Ed è la stessa consapevolezza che accompagna le semplici ma grandi persone incontrate in Sicilia a prestare il loro servizio, e che dovrebbe accompagnare ognuno di noi ad agire nella legalità che è libertà. Una parola va spesa per l’accoglienza che le persone del luogo (soprattutto della Fondazione San Vito) hanno riservato per tutti. Infine un ringraziamento speciale va fatto anche per i cuochi ovvero Carla Criveller, Paolo Minto e Giovanna Toniolo, che con pazienza, bravura hanno sfamato più di 40 bocche, preparando buonissime prelibatezze. Secondo l’impressione di tutti, è stato un campo divertente, emozionante, nella speranza che questo possa essere di buon auspicio per i prossimi campi estivi.
Giorgio Criveller e Matteo Cescato
GLI ALTRI RACCONTI/2
Ai ragazzi del vicariato di Mogliano Veneto è stata offerta una grande opportunità: lavorare per una settimana nelle terre confiscate alla mafia. Trentadue ragazzi di terza, quarta e quinta superiore insieme a un valente team di educatori si sono recati a Mazara del Vallo la prima settimana di agosto e, ospitati dalla Fondazione San Vito Onlus, hanno avuto la possibilità non solo di rendersi utili aiutando nelle varie attività quotidiane ma anche di ascoltare la testimonianza di persone che lottano quotidianamente per la legalità. Il lavoro manuale ha permesso a questi ragazzi di sentirsi parte attiva nel tentativo di cambiare il proprio Paese, e tuttavia questo non è stato l’unico beneficio: infatti in questa settimana la relazione che si è instaurata fra persone provenienti da regioni così distanti e con culture e tradizioni differenti ha posto in evidenza la superficialità di pregiudizi che molte volte inquinano l’animo di entrambe le parti.

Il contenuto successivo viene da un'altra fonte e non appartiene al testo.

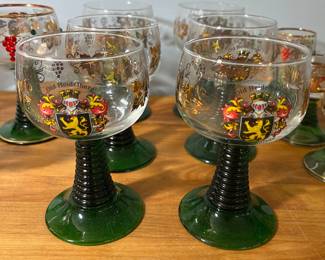 H51 - $75. 14 Pc. Vintage German Roemer Grape Vine. Gold Rimmed glasses. Beehive stem. 3" tall, 3.5" tall, 4.5" tall, 5.5" tall. ALL have noticeable wear on the gold trim. 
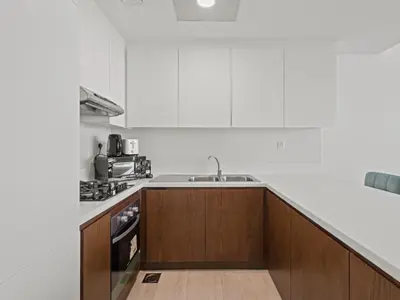 a kitchen with a sink and a counter top at Spacious and Cozy 1BDR in Hameni in Dubai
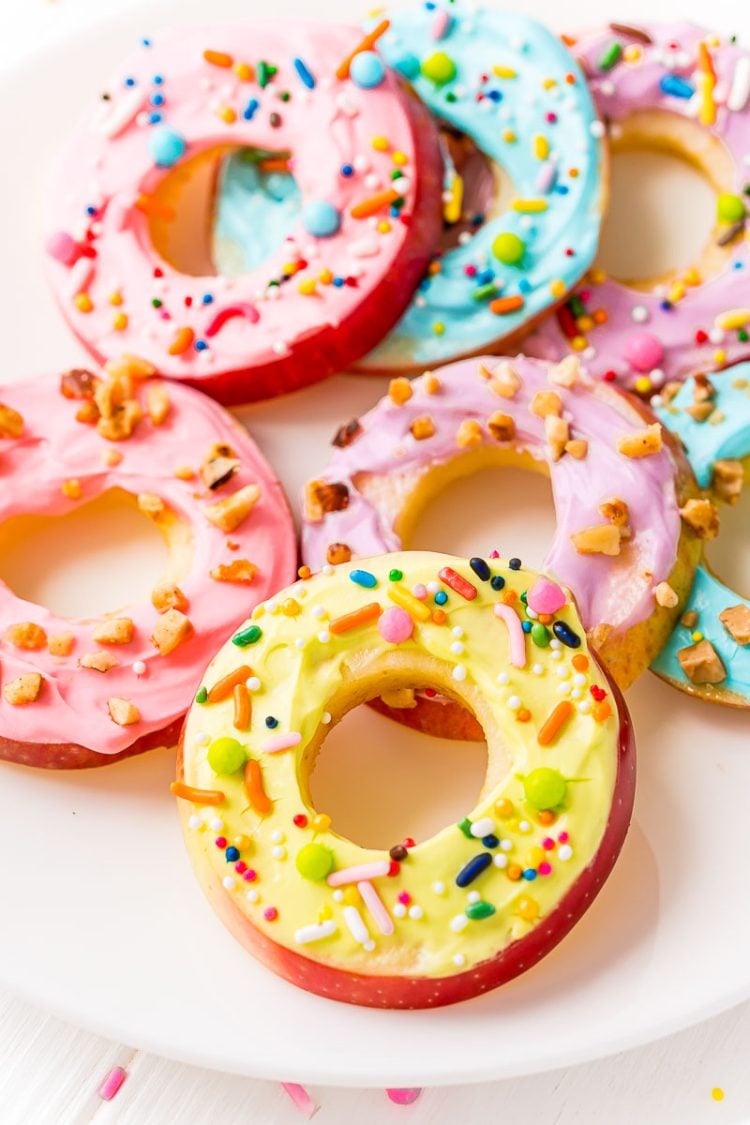 Apple donut slices topped with cream cheese frosting and sprinkles on a white plate.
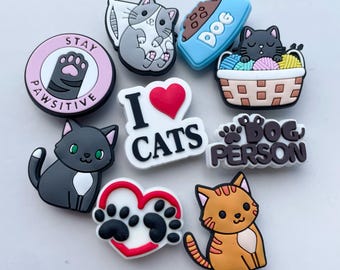 May include: A collection of nine colorful shoe charms featuring various cat and dog designs, including text that reads STAY PAWSITIVE, I LOVE CATS, and DOG PERSON, alongside illustrations of cats, a dog bowl, a yarn basket, and paw prints.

Quindi questa esperienza è stata ricca di opportunità di crescita che i ragazzi hanno colto al volo. I ritmi serrati che hanno dovuto affrontare non li hanno spaventati perché consci di essersi messi a disposizione per una giusta causa: la mattina questi giovani volontari si cimentavano nella raccolta di pietre per la costruzione di muretti a secco, nel cucinare piatti tipici siciliani e nell’aiutare con la gestione delle strutture della Fondazione. Nel pomeriggio invece visitavano i dintorni di Mazara scoprendo le meraviglie che questa terra ha da offrire e incontravano personaggi di spicco come parroci impegnati nell’aiutare ragazzi di strada, il vice questore, il Vescovo e don Francesco Fiorino, ex presidente. Se legalità è stata sicuramente una parola chiave di questa settimana deve essere necessariamente accompagnata da amicizia, cibo, tradizioni, cultura, confronto, scambio e ricchezza di una terra che non ha smesso e non smetterà mai di arrendersi.